• _YOUR TASK_: The expected output is each line in the data below that includes the string "Chaise".

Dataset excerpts
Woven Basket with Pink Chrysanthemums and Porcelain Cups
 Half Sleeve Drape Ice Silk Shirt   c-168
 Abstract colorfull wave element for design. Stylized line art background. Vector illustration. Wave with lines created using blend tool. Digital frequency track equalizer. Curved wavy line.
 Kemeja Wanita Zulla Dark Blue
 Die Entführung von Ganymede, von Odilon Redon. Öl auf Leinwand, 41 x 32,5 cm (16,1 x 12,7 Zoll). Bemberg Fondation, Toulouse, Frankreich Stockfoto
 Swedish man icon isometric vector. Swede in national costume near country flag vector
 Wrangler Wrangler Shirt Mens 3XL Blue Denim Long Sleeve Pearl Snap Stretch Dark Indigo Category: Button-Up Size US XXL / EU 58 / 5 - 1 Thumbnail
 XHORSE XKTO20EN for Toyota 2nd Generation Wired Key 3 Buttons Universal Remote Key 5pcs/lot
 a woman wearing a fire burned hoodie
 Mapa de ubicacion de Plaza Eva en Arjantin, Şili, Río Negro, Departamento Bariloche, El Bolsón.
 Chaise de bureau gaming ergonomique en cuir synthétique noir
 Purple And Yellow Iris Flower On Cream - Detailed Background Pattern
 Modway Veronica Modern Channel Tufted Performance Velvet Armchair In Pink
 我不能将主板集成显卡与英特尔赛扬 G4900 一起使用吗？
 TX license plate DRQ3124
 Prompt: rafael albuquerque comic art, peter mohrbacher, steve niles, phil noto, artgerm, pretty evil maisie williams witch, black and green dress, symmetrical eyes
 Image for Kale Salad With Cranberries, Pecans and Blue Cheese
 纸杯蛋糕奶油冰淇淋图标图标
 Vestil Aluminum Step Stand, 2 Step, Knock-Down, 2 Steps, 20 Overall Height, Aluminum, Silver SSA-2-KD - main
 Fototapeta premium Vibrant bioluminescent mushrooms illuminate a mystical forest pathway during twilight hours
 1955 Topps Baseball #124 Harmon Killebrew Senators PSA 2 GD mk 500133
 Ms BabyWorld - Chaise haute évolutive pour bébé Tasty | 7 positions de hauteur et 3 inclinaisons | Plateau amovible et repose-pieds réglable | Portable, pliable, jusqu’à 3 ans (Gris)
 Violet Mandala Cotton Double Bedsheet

• _OUTPUT FOR THIS EXERCISE_:
 Chaise de bureau gaming ergonomique en cuir synthétique noir
 Ms BabyWorld - Chaise haute évolutive pour bébé Tasty | 7 positions de hauteur et 3 inclinaisons | Plateau amovible et repose-pieds réglable | Portable, pliable, jusqu’à 3 ans (Gris)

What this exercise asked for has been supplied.